Dysenterie is een minder als epidemie voorkomende ziekte, die overigens toch aanleiding geeft om er op internet uitvoerig over te schrijven. Niet zo zeer met de oorspronkelijke benaming, als wel genoemd de “Rode Loop”, aangezien met de ontlasting bloed mee kwam.

http://gijsgenealog.blogspot.nl/2011/01/gestorven-aan-de-loop.html is een genealogisch verslag over de Gelderse Achterhoek, waarin onthuld wordt dat “…We zien dan, dat het aantal doden normaal tussen de 40 en 60 lag (volwassenen 20 tot 40, kinderen rond de 20). Maar er zijn een paar opvallende uitschieters, met name het jaar met 110 doden (dat was in 1779) en het jaar 1795, toen 97 doden werden geteld (op een bevolking van naar schatting 1600 personen). Wat was er toen aan de hand? In 1779 schreef de koster de doodsoorzaak er nogal eens bij: "aan de loop". Het was zelfs zo erg, dat op dezelfde dag of binnen enkele dagen 2 of 3 kinderen uit een gezin zijn overleden.”

Vele jaren eerder dus dan het jaar 1830, waarin al drie kinderen Hoogstraten binnen enkele dagen overleden. Maar zou een dergelijk individueel voorkomend geval van rode loop ook de familie Hoogstraten zijn overkomen?

Maar weer de draad van het Hoogstratenepos opgepakt.

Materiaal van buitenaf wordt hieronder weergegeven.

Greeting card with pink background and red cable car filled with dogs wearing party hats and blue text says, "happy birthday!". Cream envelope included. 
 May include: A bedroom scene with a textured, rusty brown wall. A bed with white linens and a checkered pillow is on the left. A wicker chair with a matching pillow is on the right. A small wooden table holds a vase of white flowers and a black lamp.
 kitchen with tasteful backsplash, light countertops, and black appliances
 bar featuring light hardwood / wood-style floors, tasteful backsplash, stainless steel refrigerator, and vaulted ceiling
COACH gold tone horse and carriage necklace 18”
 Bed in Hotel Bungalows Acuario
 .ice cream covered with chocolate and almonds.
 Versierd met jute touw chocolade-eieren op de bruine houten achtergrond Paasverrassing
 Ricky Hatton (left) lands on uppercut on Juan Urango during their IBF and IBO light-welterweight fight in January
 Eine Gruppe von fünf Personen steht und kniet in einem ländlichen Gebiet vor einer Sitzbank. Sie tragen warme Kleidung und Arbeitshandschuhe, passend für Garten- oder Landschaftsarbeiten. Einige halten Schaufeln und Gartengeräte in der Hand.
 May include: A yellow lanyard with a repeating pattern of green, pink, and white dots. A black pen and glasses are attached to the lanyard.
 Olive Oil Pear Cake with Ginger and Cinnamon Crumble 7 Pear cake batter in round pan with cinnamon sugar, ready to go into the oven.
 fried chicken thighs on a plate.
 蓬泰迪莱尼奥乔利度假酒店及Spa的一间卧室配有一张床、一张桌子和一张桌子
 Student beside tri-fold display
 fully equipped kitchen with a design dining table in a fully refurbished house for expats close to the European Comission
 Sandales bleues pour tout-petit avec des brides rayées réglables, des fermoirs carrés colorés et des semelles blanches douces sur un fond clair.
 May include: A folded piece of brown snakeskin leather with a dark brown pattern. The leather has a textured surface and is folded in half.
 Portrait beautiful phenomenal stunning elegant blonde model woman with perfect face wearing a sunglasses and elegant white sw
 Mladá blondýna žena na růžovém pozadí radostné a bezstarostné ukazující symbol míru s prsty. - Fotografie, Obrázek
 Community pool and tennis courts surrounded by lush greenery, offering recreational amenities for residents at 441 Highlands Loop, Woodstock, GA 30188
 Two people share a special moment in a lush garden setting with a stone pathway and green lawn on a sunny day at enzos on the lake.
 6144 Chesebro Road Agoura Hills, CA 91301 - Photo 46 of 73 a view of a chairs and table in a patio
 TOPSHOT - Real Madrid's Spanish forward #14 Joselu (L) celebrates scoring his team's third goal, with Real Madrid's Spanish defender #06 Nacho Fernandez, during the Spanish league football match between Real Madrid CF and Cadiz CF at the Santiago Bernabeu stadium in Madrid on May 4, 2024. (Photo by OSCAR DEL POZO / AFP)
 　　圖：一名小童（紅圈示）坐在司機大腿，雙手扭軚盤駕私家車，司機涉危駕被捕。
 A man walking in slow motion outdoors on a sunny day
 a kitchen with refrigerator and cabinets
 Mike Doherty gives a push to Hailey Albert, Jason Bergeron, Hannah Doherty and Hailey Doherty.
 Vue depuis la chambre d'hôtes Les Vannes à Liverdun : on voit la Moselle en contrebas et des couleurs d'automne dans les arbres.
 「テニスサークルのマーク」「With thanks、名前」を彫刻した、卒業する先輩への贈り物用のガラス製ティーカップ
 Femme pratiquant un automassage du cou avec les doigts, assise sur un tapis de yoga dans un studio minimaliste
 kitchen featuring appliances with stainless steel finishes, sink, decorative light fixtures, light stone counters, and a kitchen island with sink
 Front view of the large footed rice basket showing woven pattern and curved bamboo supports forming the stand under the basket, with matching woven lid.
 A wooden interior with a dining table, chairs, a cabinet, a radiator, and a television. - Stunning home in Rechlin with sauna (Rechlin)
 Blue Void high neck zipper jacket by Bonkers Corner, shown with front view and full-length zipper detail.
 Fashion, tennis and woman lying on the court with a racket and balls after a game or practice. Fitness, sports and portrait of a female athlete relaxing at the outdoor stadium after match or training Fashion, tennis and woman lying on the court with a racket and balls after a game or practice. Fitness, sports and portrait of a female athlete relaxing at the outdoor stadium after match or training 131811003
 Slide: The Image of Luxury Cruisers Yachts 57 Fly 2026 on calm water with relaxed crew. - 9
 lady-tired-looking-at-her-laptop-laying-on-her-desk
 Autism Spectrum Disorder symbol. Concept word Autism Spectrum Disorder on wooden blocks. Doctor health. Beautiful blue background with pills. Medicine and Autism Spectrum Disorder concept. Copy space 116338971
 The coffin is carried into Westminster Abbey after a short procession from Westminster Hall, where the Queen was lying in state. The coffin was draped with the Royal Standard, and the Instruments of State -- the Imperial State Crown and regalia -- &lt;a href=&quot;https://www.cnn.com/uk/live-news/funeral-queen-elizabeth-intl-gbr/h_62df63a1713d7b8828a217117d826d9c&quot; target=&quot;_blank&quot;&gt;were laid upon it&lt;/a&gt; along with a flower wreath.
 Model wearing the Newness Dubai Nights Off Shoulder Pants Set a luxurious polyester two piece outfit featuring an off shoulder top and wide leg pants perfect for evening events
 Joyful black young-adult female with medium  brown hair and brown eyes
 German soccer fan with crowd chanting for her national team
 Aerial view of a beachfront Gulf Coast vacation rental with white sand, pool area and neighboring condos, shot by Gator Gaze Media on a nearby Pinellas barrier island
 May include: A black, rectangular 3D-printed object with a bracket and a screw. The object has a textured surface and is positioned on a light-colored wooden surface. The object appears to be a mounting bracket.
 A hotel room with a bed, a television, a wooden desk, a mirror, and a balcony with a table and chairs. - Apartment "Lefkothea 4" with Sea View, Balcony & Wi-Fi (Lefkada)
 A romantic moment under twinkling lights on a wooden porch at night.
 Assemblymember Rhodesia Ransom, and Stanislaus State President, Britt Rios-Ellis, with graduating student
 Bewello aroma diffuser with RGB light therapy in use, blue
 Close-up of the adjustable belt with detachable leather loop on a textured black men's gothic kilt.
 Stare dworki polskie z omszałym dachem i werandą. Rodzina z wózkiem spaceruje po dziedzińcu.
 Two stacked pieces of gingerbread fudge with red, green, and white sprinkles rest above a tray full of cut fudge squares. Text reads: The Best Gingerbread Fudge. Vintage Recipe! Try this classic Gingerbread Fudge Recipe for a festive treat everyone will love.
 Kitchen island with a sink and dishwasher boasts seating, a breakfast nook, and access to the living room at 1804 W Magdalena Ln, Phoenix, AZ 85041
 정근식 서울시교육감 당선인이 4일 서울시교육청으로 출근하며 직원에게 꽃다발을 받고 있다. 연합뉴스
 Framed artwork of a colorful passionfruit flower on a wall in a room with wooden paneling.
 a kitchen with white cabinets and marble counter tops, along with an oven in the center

Vader Gradus Hoogstraten was op maandag 18 januari 1830 weer thuisgekomen, na het aangifte doen van het overlijden van zijn derde zoon Peter.

Maar totaal niets werd dit echtpaar bespaard.

 

 

Om drie uur des namiddags, op woensdag 20 januari 1830, zal de gemeentesecretaris zich angstig hebben afgevraagd waarom Gradus Hoogstraten nu alweer voor de vierde keer in twaalf dagen tijd, aan zijn bureau was verschenen. Twee dagen eerder had hij hem het gemeentehuis immers nog zien verlaten.

Op 20 januari 1830, om twaalf uur des middags, overlijdt een vierde kind van de familie Hoogstraten.

Maria Hoogstraten heeft slechts twee jaar jong mogen worden.

Binnen twee weken … vier overleden kinderen. Broers en zus. Zoons en dochter. Kleinkinderen.

Vier opeenvolgende akten van overlijden.


Woorden … en alles … schieten tekort.